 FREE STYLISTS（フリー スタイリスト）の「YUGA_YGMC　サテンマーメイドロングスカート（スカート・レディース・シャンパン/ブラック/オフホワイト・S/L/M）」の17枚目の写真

----------------

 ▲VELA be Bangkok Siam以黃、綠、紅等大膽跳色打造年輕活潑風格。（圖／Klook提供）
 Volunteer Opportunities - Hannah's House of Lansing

----------------

§ **Task objective**
In the listing above, find the line containing "be Bangkok Siam以黃、綠、紅等大膽跳色打造年輕活潑風格。（圖／Klook提供）" and the line containing "Volunteer Opportunities - Hannah's", then retype both and every line between them exactly, with nothing else.

§ **Answer for this exercise**
 ▲VELA be Bangkok Siam以黃、綠、紅等大膽跳色打造年輕活潑風格。（圖／Klook提供）
 Volunteer Opportunities - Hannah's House of Lansing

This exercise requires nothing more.